BaBar Collaboration Meeting, Dresden July 96, Trip Report

Les Cottrell, Assistant Director, SLAC Computer Services (SCS)

Stanford Linear Acelerator Center, Stanford University, Stanford, California 94309

July 13-16, 1996

Purpose of Trip:
The trip was arranged to allow me to give two invited plenary talks at the BaBar Collaboration Meeting in Dresden. These talks were on the SCS/BaBar Computing Support Plan, and on Internet Gridlock and WAN Monitoring. It also provided the opportunity for me to meet with a wider cross-section of the BaBar collaborators, and to share information and concerns about BaBar computing.

General Overview of Dresden BaBar Collaboration Meeting

This was an extremely valuable meeting for me (and hopefully SCS and SLAC). It provided an opportunity to interact with many BaBar people and to get a more clear idea of who the major players are, how they interact, what are the many concerns both overt and covert, how they view SLAC, SCS and the BaBar representatives who work with SCS. I believe this will be useful in the ongoing SCS/BaBar discussions, especially in understanding the pressures and flexibility (or lack of) that the BaBar representatives have.

There was considerable interest in the SCS/BaBar support plan, both at the talk I gave, in other sessions, and in the halls. People appeared to be comfortable with the proposals, the main concern appeared to be when will the extra resources become available. This is particularly relevant as BaBar tries to decide how centralized / distributed computing should/will be for the various activities.

I believe the talk I gave on WAN networking was valuable for setting realistic expectations for the WAN. There was much discussion on what might be expected in the future especially as to how this relates to the collaboration environment.

The organizers set up about 16 Xterminals. However, the networking to the U.S. was very poor, typically response times varied between at best 350ms to 1 second more typically, and even worse packet losses from 20 to 40%. One had to be quite masochistic to use the network to read and reply to email at one's home site in the U.S.

BaBar Prompt Reconstruction Requirements

There were energetic discussions and breakout sessions. One very important session, led by Tom Glanzman, was on whether BaBar needs 100% "prompt" reconstruction of the on-line data. Many people were of the opinion that this is a requirement. The people responsible for the on-line farm (Gregory Dubois-Felsman from Caltech and Tom Glanzman of SLAC) are willing to accept this requirement but are unclear whether there are enough MIPS in the on-line farm (the on-line farm is expected to have about 3000 MIPS) to accomplish this without interfering with the critical data filtering requirement of the on-line farm.
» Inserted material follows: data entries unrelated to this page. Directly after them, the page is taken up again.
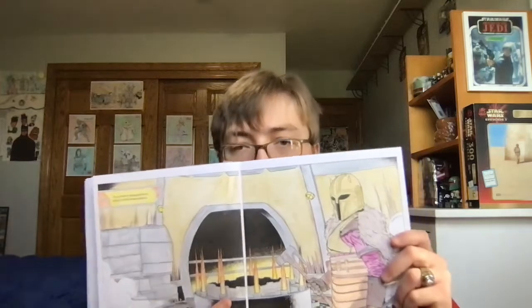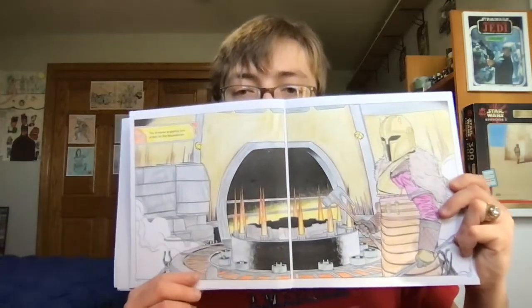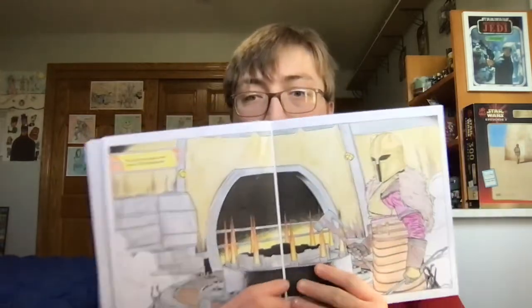Okay guys, so I finished coloring in this television moment, or scene, which consists of two pages.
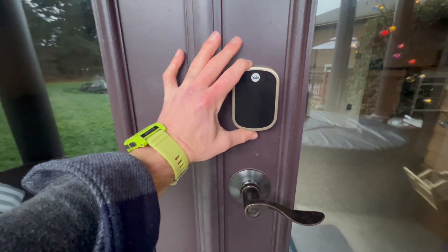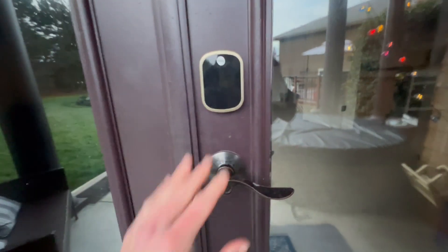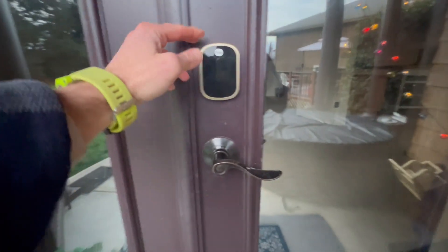This is my review of the Yale Wi-Fi Smart Lock. This thing is super sleek, way slimmer than some of the other smart locks I've used, and it's very easy to use.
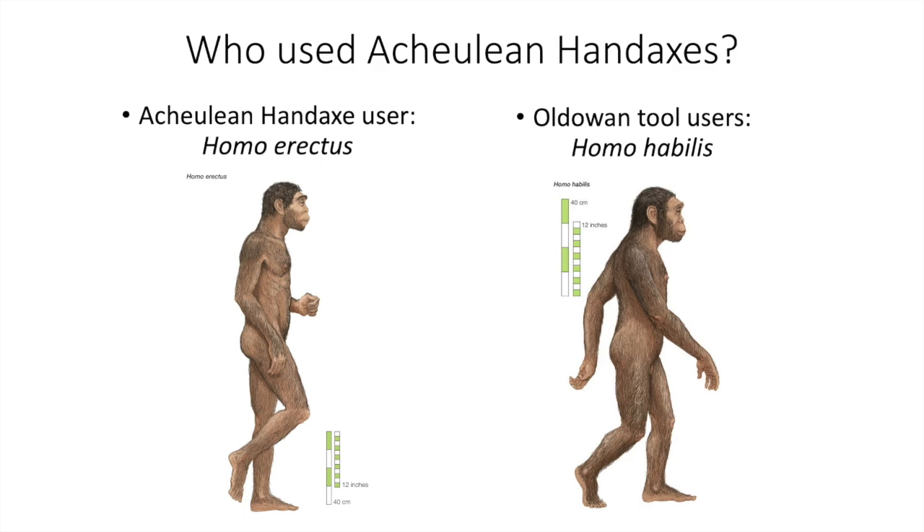Now let's talk about who used and made these stone tools. The vast majority of Acheulean hand axes were made and used by Homo erectus, which is an ancient human species that lived in Africa and was the first of our ancestors to move out of that continent. We know this is the case due to the hand axes typically being found with Homo erectus remains.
Further complicating this is the uncertainty at this time of how many events will need filtering / reconstructing (depends on efficiency of early level triggers), the number of Bhabba events, the luminosity etc. Even if there are enough MIPS there are still concerns about interference between trying to do filtering and reconstruction on the same nodes.

If this is accepted then a possible way to do the "prompt" reconstruction would be to utilize the off-line (SCS) farm. This raises many questions including:

The "prompt" reconstruction is needed soon after the data is taken in order to provide: Tom Glanzman suggested quantizing the turnaround requirements. Bob Jacobsen suggested the following, which are roughly based on his recollection of what Aleph achieved last year. Jobs that crash don't count to totals. Bob Jacobsen took it as an action item to poll the LEP experiments for their experience and goals and to propose something specific in a month.
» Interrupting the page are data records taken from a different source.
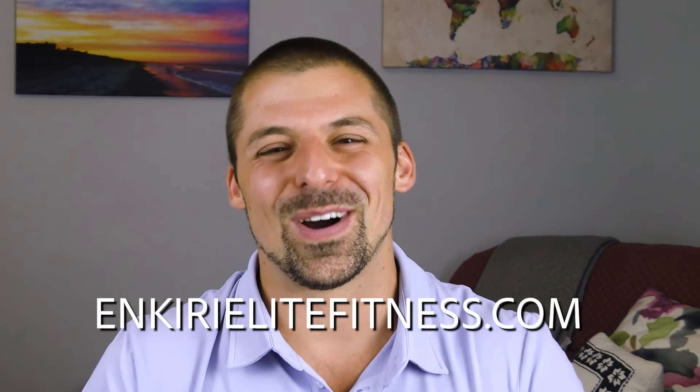If you want to follow a proven path to getting jacked and building muscle and strength beyond what you ever thought possible, check out the programs on my website — I'll set you on the right path to maximizing your long-term potential in the weight room. Please smash the like button before you go, leave a friendly comment down below, and share the video to help save a friend from wasting their hard-earned money. Keep training hard and I'll catch you guys next time.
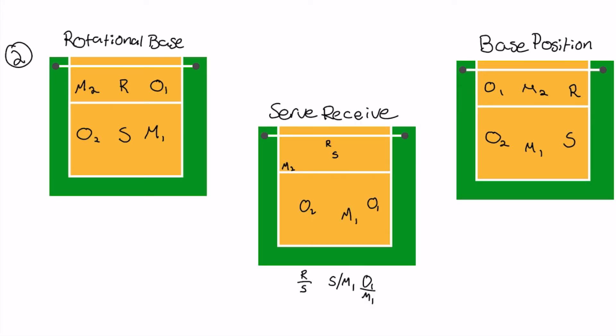For rotation two, your setter is in the middle back - position six. You have middle one in one, outside one in two, right in three, middle two in four, outside two in five, and your setter in six. For serve receive on this one, you're stacking in the middle - your right side and your setter stack in the middle, making sure your right side stays closer to the net than your setter. Your middle two drops over to the T and passes from that corner spot. Outside one drops to be an extra passer, and you have to make sure your setter stays to the left of your middle one. For base position, you have right side in the front row, setter in the back row, middle two and outside one in the front, and outside two and middle one in the back.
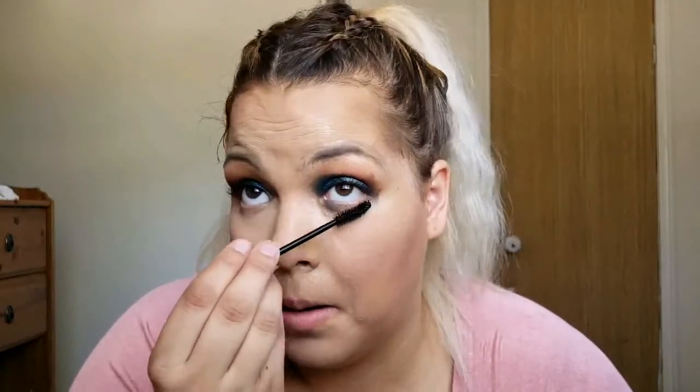Next up I'm going to do mascara and I'm going to use this Wander Beauty Unleashed, which was in this month's BoxyCharm. Now the lower lashes — I don't even know if I'm touching my lower lashes. This side I can feel them. I don't want to mess it up too much.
Another requirement is to put aside streams of data for further reconstruction. E.g. mu pairs, Bhabbas, psi to lepton pairs. Such data may simply be labeled in the database, or actually recorded on separate tapes. The reconstruction (complete reconstruction) of this data is reviewed on a daily basis at Aleph in order to see how the experiment is running. Several anecdotes were given as to how such information has been critical to discovering serious flaws (e.g. wrong gas in Aleph chamber).

Another question raised was how much of the prompt reconstruction code would be used in the later off-line reconstruction (i.e. the reconstruction done possibly months later).

Summary:

Action items, Bob Jacobsen: Agreed that "prompt reconstruction" is necessary. Someone needs to look at the expected event size. It has changed since the TDR. First guess from Dave Hitlin is that it may have decreased.
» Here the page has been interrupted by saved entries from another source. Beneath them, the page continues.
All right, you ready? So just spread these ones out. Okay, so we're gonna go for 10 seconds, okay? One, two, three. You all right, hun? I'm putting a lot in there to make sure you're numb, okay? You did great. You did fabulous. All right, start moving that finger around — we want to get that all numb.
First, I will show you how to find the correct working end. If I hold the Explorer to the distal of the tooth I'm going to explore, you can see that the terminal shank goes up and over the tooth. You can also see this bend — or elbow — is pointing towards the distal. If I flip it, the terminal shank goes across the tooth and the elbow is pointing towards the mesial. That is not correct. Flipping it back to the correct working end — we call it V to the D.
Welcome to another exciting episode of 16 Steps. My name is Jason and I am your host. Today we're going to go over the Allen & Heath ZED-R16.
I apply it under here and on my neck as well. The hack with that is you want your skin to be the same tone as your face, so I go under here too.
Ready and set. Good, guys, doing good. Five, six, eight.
We will need to set up a production organization responsible for getting good data into the can. This group trains the shift takers, ensures there is documentation etc. It does not run shifts per se. Greg Dubois will set up a fast monitoring/coordination group with members/experts from multiple subsystem groups.

Need to look at requirements, see what is reasonable, possible. If have enough capacity at IR2, then do it there. Otherwise will need to look at using SCS. There are many issues to be resolved first in this latter case (see above).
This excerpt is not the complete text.